Building A Voice Controlled AI Agent For A Internship Assignment

Recently I applied for the Mem0 AI - ML & Generative AI Developer Internship. As part of the selection process, I was given a challenging assignment: build a fully local voice-controlled AI agent that can understand spoken commands, classify intent, and perform real actions on my machine — all while keeping everything safe and visible in a clean UI.

Here’s how I built it.

Project Overview:

-
The agent accepts audio input in two ways:

Direct microphone recording
Uploading an existing .wav or .mp3 file

It then:

Converts speech to text using a local Whisper model
Uses a local LLM to understand the user’s intent
Executes the appropriate action (create file, write code, summarize text, or general chat)
Shows the complete pipeline in a Streamlit UI

All file operations are strictly restricted to an output/ folder for safety.

Architecture:-

The system follows a clean pipeline:

Audio Input → Speech-to-Text → Intent Understanding → Tool Execution → UI Display

I used Streamlit for the frontend because it’s fast to build and looks professional.

Tech Stack & Model Choices:-

For Speech-to-text I used the whisper(small model) as it is fast, local and runs well on CPU.
For the Intent Detection and Code Generation I used Ollama + phi3:mini as it's lightweight, fully local and good at following instructions.
For the Audio Handling I used sounddevice for microphone and pydub for handling uploaded audio files
For the UI, I used Streamlit for its simplicity and excellent support for real time updates.

I chose phi3:mini as the main LLM because it’s small, fast on CPU, and performs surprisingly well for intent classification and simple code generation.

Challenges I Faced:-

The biggest challenge was Ollama’s GPU runner crashing repeatedly on my Ubuntu 22.04 laptop even though it detected my NVIDIA GPU. I kept getting the “llama runner process has terminated” error.
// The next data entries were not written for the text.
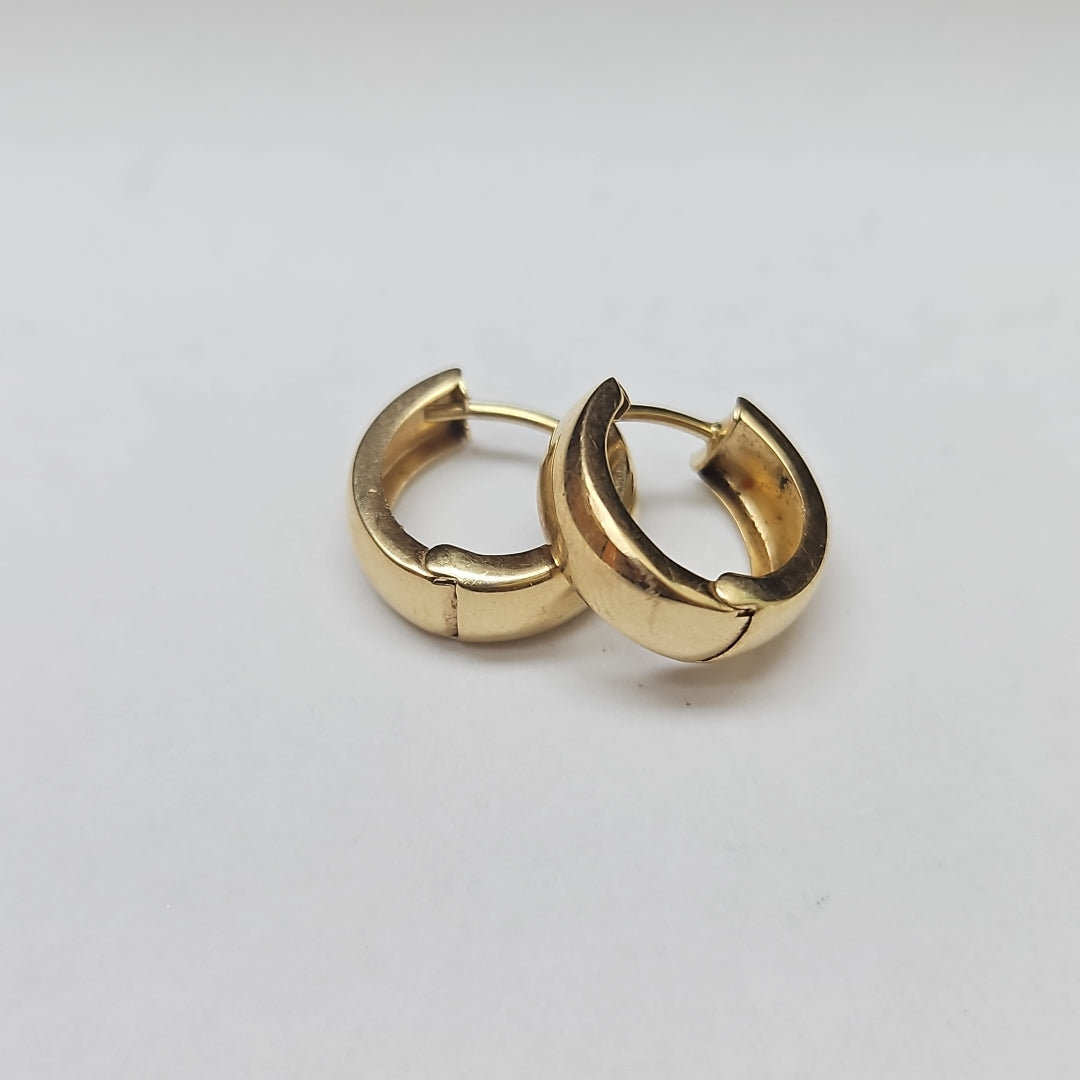 ARRACADAS PAR ORO 14 K 1.7 GRMS (SEMINUEVO)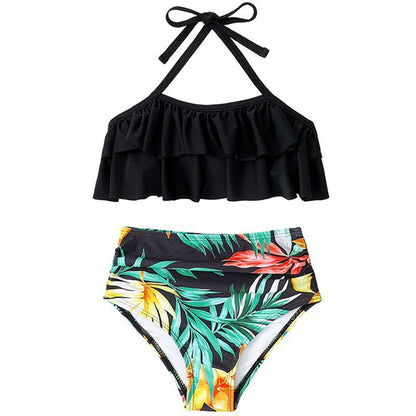 New Kids And Adults Split Swimsuit Bikini Set
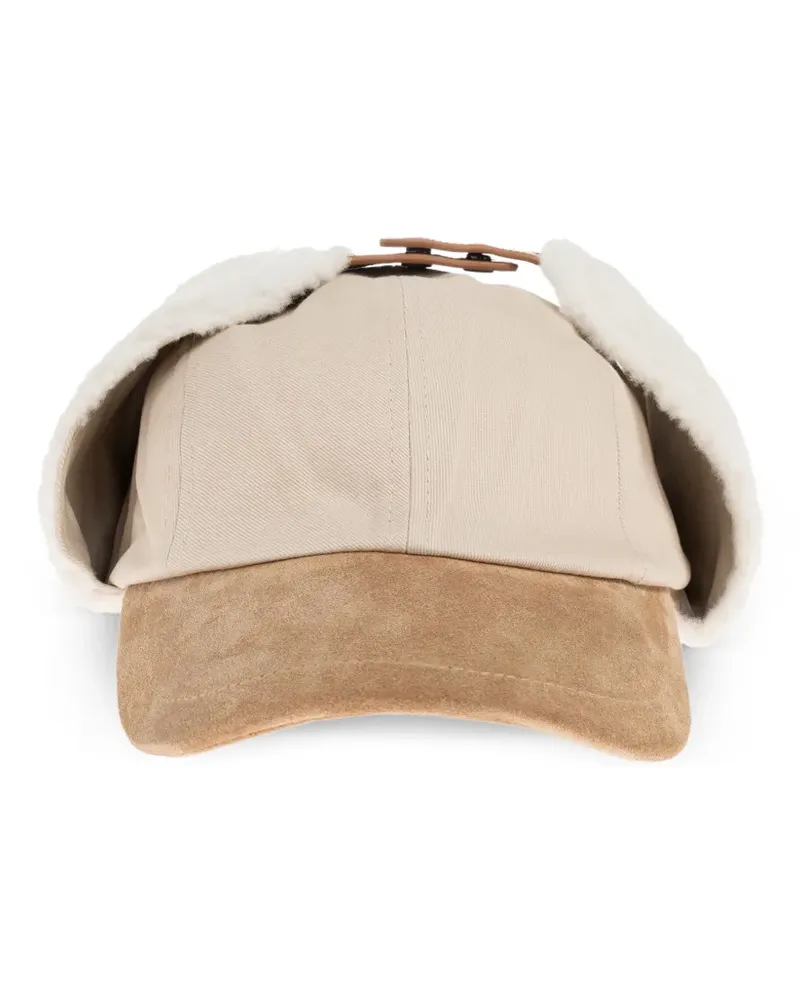 Kenzo Baseballkappe mit Fleece-Besatz - Nude Nude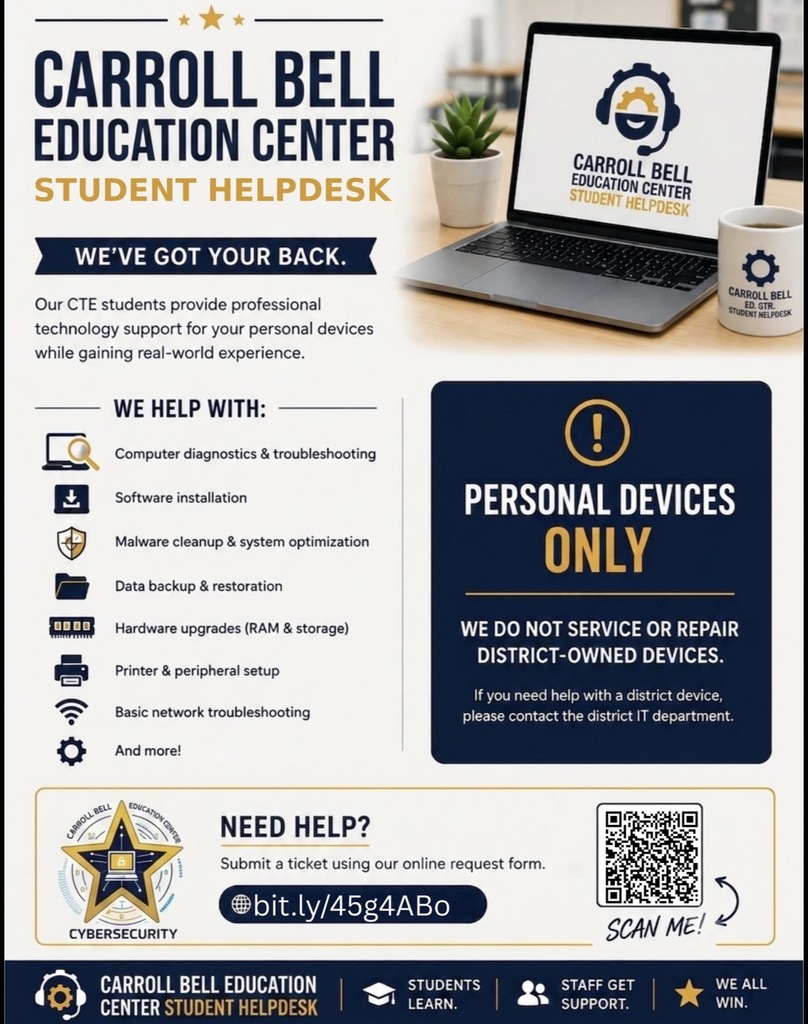 Harlandale ISD CTE Student Help Desk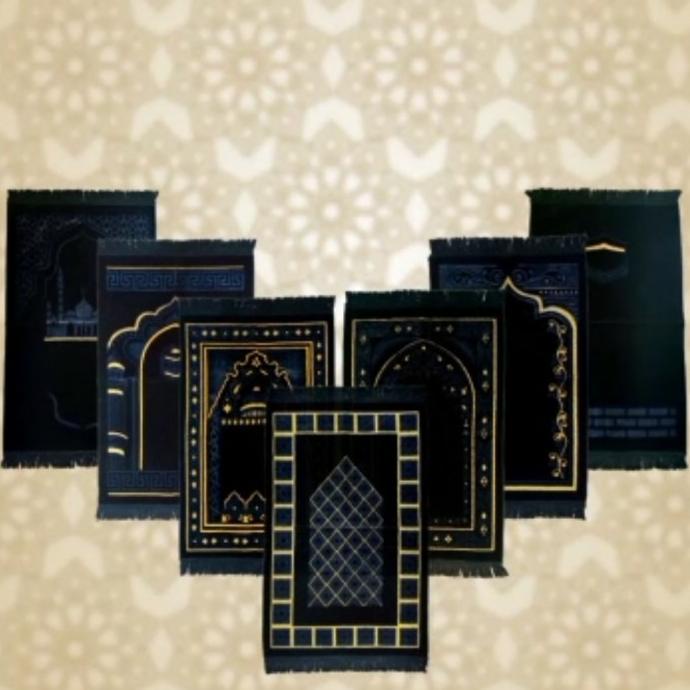 Sajadah Turkey Tebal Hitam / Sajadah Turki Hitam / Sajadah Besar Hitam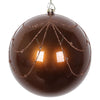 Vickerman Mt194676D 4.75" Mocha Candy Finish Curtain Ornament With Glitter Accents 4 Per Bag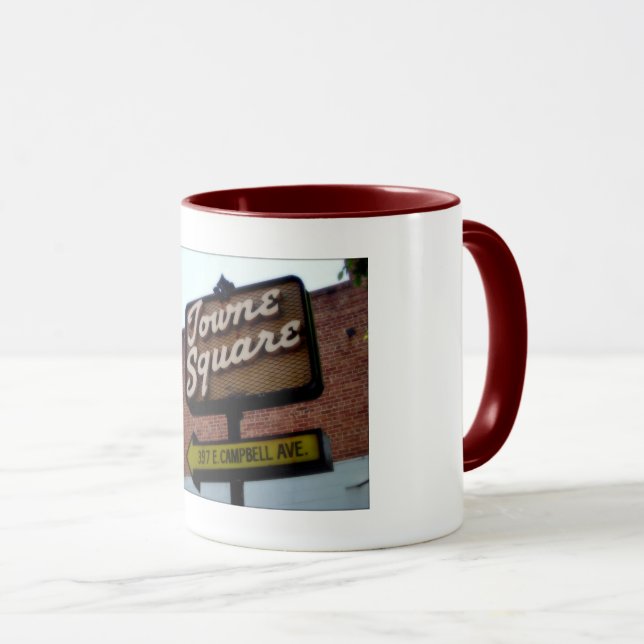 Esta es Campbell CA, taza con señaligen de Towne S (Anverso derecho)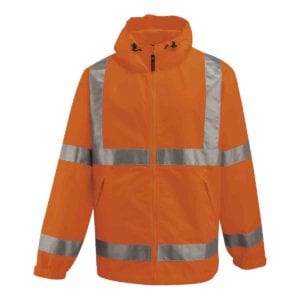 Wolverine Hi-Vis Apparel - Wolverine Flash Rain Jacket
After multiple clean reinstalls and driver tweaks, I had to force CPU mode using num_gpu_layers=0. This made the agent stable, though it sacrificed some speed.

Another challenge I faced was when I was trying to add some "Bonus(Optional)" functionalities, namely "Human-in-the-Loop" as I added the UI confirmation prompt before file execution, the session was terminated as soon as the 'Human' confirmed the file execution because of Streamlit's button rendering behavior.
It means that when a checkbox is checked, the page rerenders and the button state gets reset because of how Streamlit handles session state. The confirmation checkbox causes the app to rerun, and by the time it checks the button, the state is confused.
I couldn't overcome this problem so I simply removed this "bonus functionality"

Another challenge was making the intent detection robust. LLMs sometimes return messy responses with extra text or markdown, so I had to implement custom JSON extraction logic with fallbacks to prevent the app from breaking on unexpected outputs.

I also focused heavily on safety, as instructed in the assignment pdf, ensuring no file could ever be written outside the output/ folder using filename validation and path checks.

Model Benchmarking & Learings:-

While building this agent, I experimented with a few small LLMs available through Ollama to find the best fit for my hardware.

I tested gemma2:2b, llama3.2:3b, and phi3:mini on the same set of tasks (intent classification and simple code generation) while running everything on CPU mode.

gemma2:2b was the fastest, often responding in under 2 seconds, but it occasionally gave less accurate or incomplete code. llama3.2:3b offered good quality and was reasonably fast, but it was the most unstable on my system. In the end, phi3:mini struck the best balance, it was fast enough and produced cleaner and more reliable outputs, and handled structured JSON prompts better than the others.

For Speech-to-Text, I compared the tiny, base, and small versions of faster-whisper. The small model gave me the best accuracy on technical terms and function names, with transcription speed roughly 1.5× real-time on CPU. The tiny model was quicker but made more mistakes, especially when I spoke code-related commands.

This benchmarking exercise taught me that theoretical model size doesn’t always translate to real-world performance. Hardware constraints and prompt quality play a much bigger role than I initially expected.

Final Thoughts:-

This project gave me valuable hands-on experience in building end-to-end local AI systems, handling real hardware limitations, and making agents both functional and safe.

GitHub Repository:-

https://github.com/cHaMpIoN-37/voice-ai-agent

Feel free to clone the repo and try it yourself. Any feedback is welcome!